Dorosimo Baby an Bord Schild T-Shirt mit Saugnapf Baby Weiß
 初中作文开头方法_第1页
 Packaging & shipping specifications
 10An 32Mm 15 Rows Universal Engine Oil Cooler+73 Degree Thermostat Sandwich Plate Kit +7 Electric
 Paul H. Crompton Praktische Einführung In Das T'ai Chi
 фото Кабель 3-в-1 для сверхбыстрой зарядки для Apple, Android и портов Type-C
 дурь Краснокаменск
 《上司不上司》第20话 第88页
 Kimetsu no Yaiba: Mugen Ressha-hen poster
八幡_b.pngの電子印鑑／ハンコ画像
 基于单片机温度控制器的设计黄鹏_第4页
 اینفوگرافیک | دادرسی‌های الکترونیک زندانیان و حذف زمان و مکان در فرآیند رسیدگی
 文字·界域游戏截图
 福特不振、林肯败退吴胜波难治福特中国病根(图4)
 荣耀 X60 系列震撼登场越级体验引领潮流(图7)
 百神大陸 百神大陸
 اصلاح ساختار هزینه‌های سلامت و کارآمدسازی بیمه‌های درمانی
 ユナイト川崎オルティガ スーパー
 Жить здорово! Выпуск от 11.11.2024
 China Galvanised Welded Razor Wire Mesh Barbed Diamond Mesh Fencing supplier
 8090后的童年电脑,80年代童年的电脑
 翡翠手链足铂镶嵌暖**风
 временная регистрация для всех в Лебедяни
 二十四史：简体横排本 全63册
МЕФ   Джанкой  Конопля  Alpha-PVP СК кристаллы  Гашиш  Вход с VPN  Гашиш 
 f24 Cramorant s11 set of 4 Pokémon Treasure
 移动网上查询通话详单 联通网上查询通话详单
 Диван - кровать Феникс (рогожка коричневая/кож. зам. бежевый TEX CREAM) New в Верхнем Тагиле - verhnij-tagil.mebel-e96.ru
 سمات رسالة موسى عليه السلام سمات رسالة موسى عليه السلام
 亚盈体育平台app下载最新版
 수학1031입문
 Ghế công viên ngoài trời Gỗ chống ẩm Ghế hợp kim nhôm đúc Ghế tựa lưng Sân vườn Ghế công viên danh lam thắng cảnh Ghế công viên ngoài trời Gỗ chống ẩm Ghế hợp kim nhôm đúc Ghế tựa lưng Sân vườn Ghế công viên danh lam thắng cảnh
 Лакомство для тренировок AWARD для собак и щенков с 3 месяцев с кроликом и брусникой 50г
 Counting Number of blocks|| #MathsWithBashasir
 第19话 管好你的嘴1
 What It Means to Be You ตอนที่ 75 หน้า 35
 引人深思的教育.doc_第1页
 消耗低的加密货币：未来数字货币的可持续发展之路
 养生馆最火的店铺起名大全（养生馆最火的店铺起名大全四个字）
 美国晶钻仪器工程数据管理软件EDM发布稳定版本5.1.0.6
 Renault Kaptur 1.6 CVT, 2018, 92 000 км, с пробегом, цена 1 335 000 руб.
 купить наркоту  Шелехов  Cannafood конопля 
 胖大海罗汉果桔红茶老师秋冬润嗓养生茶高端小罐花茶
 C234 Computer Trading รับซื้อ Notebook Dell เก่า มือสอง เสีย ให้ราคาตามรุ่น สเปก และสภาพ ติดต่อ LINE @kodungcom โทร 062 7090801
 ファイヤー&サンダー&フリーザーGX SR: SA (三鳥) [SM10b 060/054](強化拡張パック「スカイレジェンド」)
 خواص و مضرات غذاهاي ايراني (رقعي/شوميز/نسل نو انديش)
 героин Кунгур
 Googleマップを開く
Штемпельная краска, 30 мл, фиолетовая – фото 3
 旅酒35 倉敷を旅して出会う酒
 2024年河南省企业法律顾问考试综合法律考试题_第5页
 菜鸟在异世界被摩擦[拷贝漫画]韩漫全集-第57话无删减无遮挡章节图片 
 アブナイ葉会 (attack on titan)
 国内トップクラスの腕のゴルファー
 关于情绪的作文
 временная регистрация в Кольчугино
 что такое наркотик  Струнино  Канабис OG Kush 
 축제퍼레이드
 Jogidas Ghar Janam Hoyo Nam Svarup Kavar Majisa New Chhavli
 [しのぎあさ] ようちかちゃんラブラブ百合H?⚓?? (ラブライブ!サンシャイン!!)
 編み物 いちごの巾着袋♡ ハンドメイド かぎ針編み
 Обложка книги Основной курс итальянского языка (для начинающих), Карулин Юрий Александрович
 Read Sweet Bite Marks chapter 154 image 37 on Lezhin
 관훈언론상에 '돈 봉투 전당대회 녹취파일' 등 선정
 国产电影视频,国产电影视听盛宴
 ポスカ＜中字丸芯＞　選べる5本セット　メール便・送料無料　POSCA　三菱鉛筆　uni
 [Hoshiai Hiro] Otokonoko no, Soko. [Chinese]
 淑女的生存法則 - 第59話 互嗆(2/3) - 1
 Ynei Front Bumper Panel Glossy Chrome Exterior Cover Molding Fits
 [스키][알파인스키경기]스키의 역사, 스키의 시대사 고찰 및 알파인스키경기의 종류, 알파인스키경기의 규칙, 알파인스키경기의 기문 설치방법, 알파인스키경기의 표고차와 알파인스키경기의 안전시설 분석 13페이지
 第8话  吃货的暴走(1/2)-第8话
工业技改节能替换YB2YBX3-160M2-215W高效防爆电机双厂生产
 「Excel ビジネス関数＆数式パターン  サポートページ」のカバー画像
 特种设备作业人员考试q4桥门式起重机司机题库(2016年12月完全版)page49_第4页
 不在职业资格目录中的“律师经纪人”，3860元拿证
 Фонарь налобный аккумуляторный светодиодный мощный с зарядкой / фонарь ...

•••••

Work to complete
Only an exact copy of the entries above will do.

Solution
Dorosimo Baby an Bord Schild T-Shirt mit Saugnapf Baby Weiß
 初中作文开头方法_第1页
 Packaging & shipping specifications
 10An 32Mm 15 Rows Universal Engine Oil Cooler+73 Degree Thermostat Sandwich Plate Kit +7 Electric
 Paul H. Crompton Praktische Einführung In Das T'ai Chi
 фото Кабель 3-в-1 для сверхбыстрой зарядки для Apple, Android и портов Type-C
 дурь Краснокаменск
 《上司不上司》第20话 第88页
 Kimetsu no Yaiba: Mugen Ressha-hen poster
八幡_b.pngの電子印鑑／ハンコ画像
 基于单片机温度控制器的设计黄鹏_第4页
 اینفوگرافیک | دادرسی‌های الکترونیک زندانیان و حذف زمان و مکان در فرآیند رسیدگی
 文字·界域游戏截图
 福特不振、林肯败退吴胜波难治福特中国病根(图4)
 荣耀 X60 系列震撼登场越级体验引领潮流(图7)
 百神大陸 百神大陸
 اصلاح ساختار هزینه‌های سلامت و کارآمدسازی بیمه‌های درمانی
 ユナイト川崎オルティガ スーパー
 Жить здорово! Выпуск от 11.11.2024
 China Galvanised Welded Razor Wire Mesh Barbed Diamond Mesh Fencing supplier
 8090后的童年电脑,80年代童年的电脑
 翡翠手链足铂镶嵌暖**风
 временная регистрация для всех в Лебедяни
 二十四史：简体横排本 全63册
МЕФ   Джанкой  Конопля  Alpha-PVP СК кристаллы  Гашиш  Вход с VPN  Гашиш 
 f24 Cramorant s11 set of 4 Pokémon Treasure
 移动网上查询通话详单 联通网上查询通话详单
 Диван - кровать Феникс (рогожка коричневая/кож. зам. бежевый TEX CREAM) New в Верхнем Тагиле - verhnij-tagil.mebel-e96.ru
 سمات رسالة موسى عليه السلام سمات رسالة موسى عليه السلام
 亚盈体育平台app下载最新版
 수학1031입문
 Ghế công viên ngoài trời Gỗ chống ẩm Ghế hợp kim nhôm đúc Ghế tựa lưng Sân vườn Ghế công viên danh lam thắng cảnh Ghế công viên ngoài trời Gỗ chống ẩm Ghế hợp kim nhôm đúc Ghế tựa lưng Sân vườn Ghế công viên danh lam thắng cảnh
 Лакомство для тренировок AWARD для собак и щенков с 3 месяцев с кроликом и брусникой 50г
 Counting Number of blocks|| #MathsWithBashasir
 第19话 管好你的嘴1
 What It Means to Be You ตอนที่ 75 หน้า 35
 引人深思的教育.doc_第1页
 消耗低的加密货币：未来数字货币的可持续发展之路
 养生馆最火的店铺起名大全（养生馆最火的店铺起名大全四个字）
 美国晶钻仪器工程数据管理软件EDM发布稳定版本5.1.0.6
 Renault Kaptur 1.6 CVT, 2018, 92 000 км, с пробегом, цена 1 335 000 руб.
 купить наркоту  Шелехов  Cannafood конопля 
 胖大海罗汉果桔红茶老师秋冬润嗓养生茶高端小罐花茶
 C234 Computer Trading รับซื้อ Notebook Dell เก่า มือสอง เสีย ให้ราคาตามรุ่น สเปก และสภาพ ติดต่อ LINE @kodungcom โทร 062 7090801
 ファイヤー&サンダー&フリーザーGX SR: SA (三鳥) [SM10b 060/054](強化拡張パック「スカイレジェンド」)
 خواص و مضرات غذاهاي ايراني (رقعي/شوميز/نسل نو انديش)
 героин Кунгур
 Googleマップを開く
Штемпельная краска, 30 мл, фиолетовая – фото 3
 旅酒35 倉敷を旅して出会う酒
 2024年河南省企业法律顾问考试综合法律考试题_第5页
 菜鸟在异世界被摩擦[拷贝漫画]韩漫全集-第57话无删减无遮挡章节图片 
 アブナイ葉会 (attack on titan)
 国内トップクラスの腕のゴルファー
 关于情绪的作文
 временная регистрация в Кольчугино
 что такое наркотик  Струнино  Канабис OG Kush 
 축제퍼레이드
 Jogidas Ghar Janam Hoyo Nam Svarup Kavar Majisa New Chhavli
 [しのぎあさ] ようちかちゃんラブラブ百合H?⚓?? (ラブライブ!サンシャイン!!)
 編み物 いちごの巾着袋♡ ハンドメイド かぎ針編み
 Обложка книги Основной курс итальянского языка (для начинающих), Карулин Юрий Александрович
 Read Sweet Bite Marks chapter 154 image 37 on Lezhin
 관훈언론상에 '돈 봉투 전당대회 녹취파일' 등 선정
 国产电影视频,国产电影视听盛宴
 ポスカ＜中字丸芯＞　選べる5本セット　メール便・送料無料　POSCA　三菱鉛筆　uni
 [Hoshiai Hiro] Otokonoko no, Soko. [Chinese]
 淑女的生存法則 - 第59話 互嗆(2/3) - 1
 Ynei Front Bumper Panel Glossy Chrome Exterior Cover Molding Fits
 [스키][알파인스키경기]스키의 역사, 스키의 시대사 고찰 및 알파인스키경기의 종류, 알파인스키경기의 규칙, 알파인스키경기의 기문 설치방법, 알파인스키경기의 표고차와 알파인스키경기의 안전시설 분석 13페이지
 第8话  吃货的暴走(1/2)-第8话
工业技改节能替换YB2YBX3-160M2-215W高效防爆电机双厂生产
 「Excel ビジネス関数＆数式パターン  サポートページ」のカバー画像
 特种设备作业人员考试q4桥门式起重机司机题库(2016年12月完全版)page49_第4页
 不在职业资格目录中的“律师经纪人”，3860元拿证
 Фонарь налобный аккумуляторный светодиодный мощный с зарядкой / фонарь ...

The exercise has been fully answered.